- WHAT YOU WILL DO
The listing below should be reproduced exactly, with the pictures omitted.

- GIVEN MATERIAL

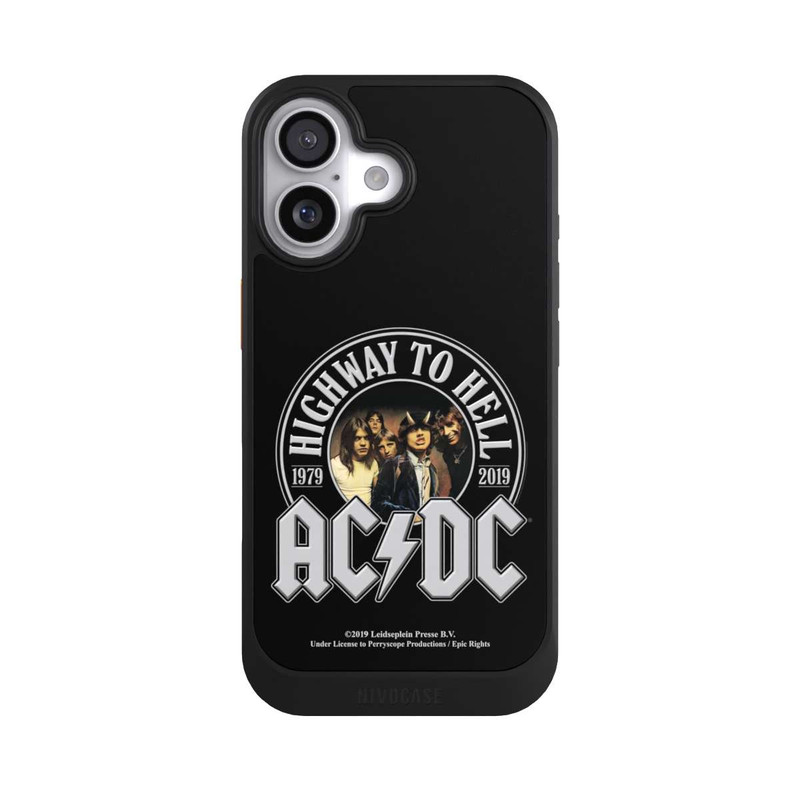 iPhone 17 NIVOcore Highway to Hell schwarz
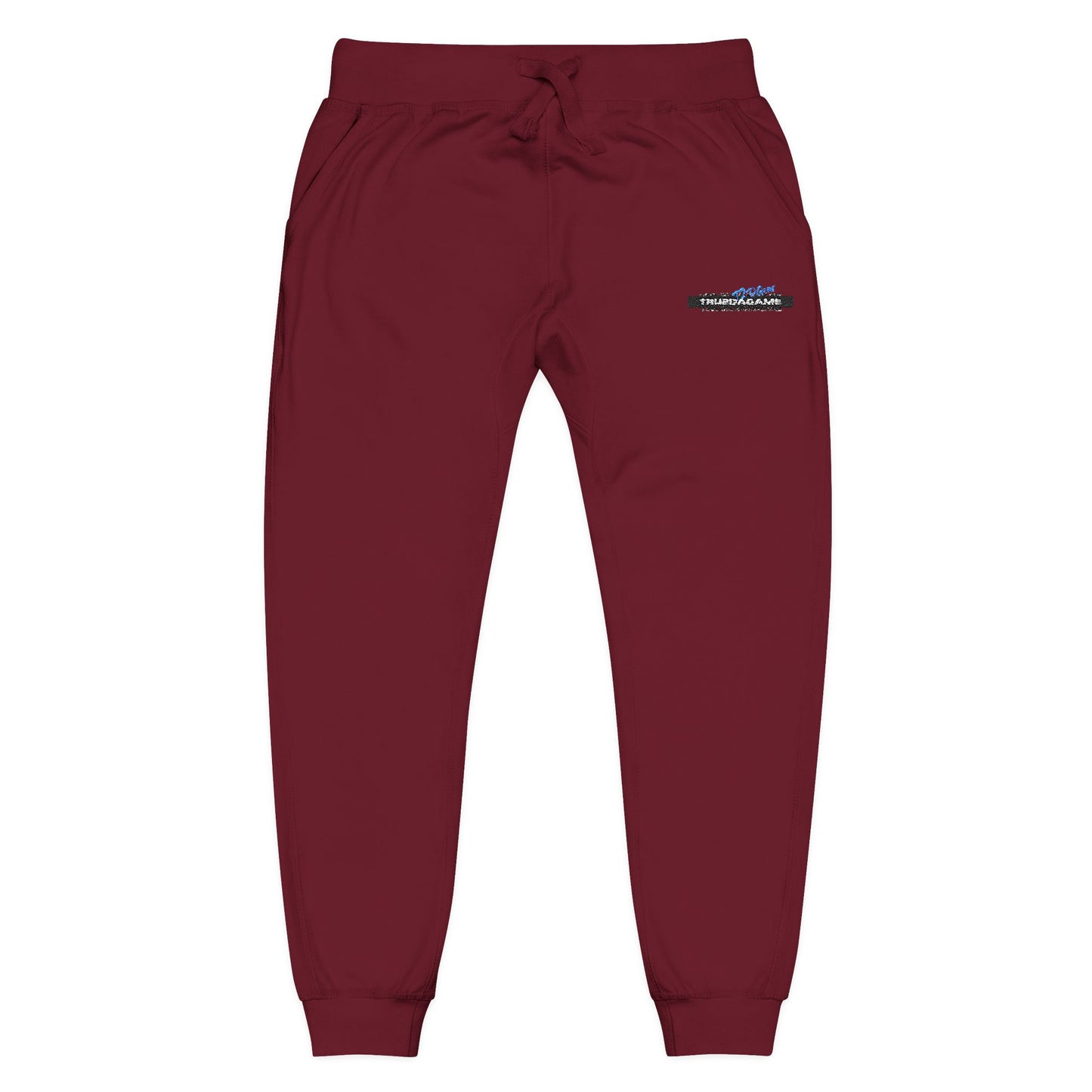 Tru2DaGame(T2DGear) Logo Fleece Sweatpants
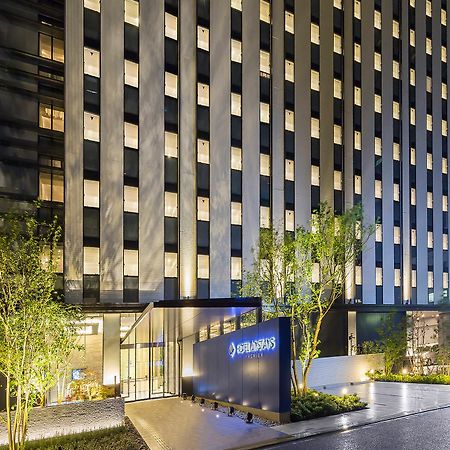 Hotel Mystays Premier Akasaka Prefektura Tokio Exteriér fotografie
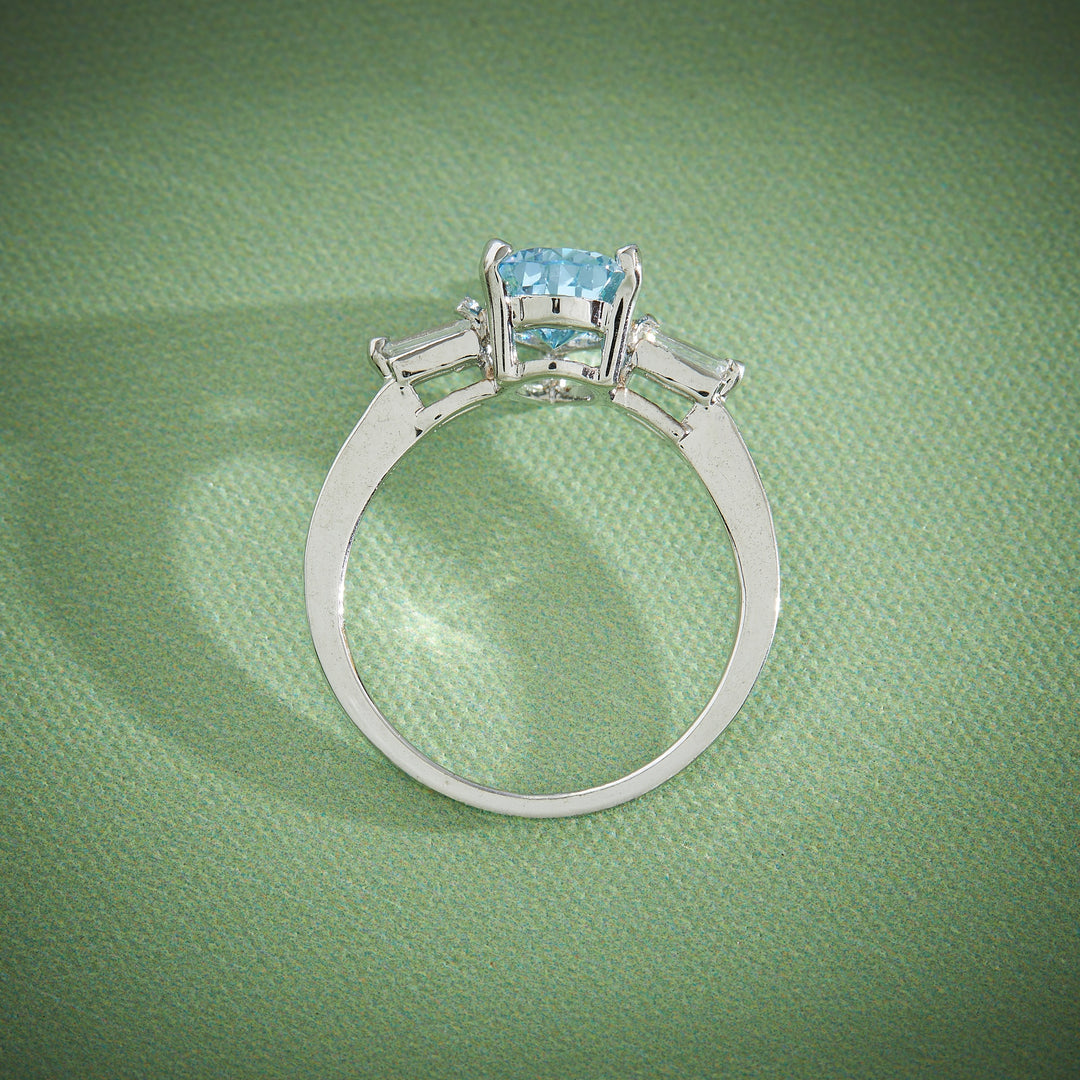 Pure Pear Ring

- ANSWER FOR THIS EXERCISE
 iPhone 17 NIVOcore Highway to Hell schwarz
 Tru2DaGame(T2DGear) Logo Fleece Sweatpants
 Hotel Mystays Premier Akasaka Prefektura Tokio Exteriér fotografie
 Pure Pear Ring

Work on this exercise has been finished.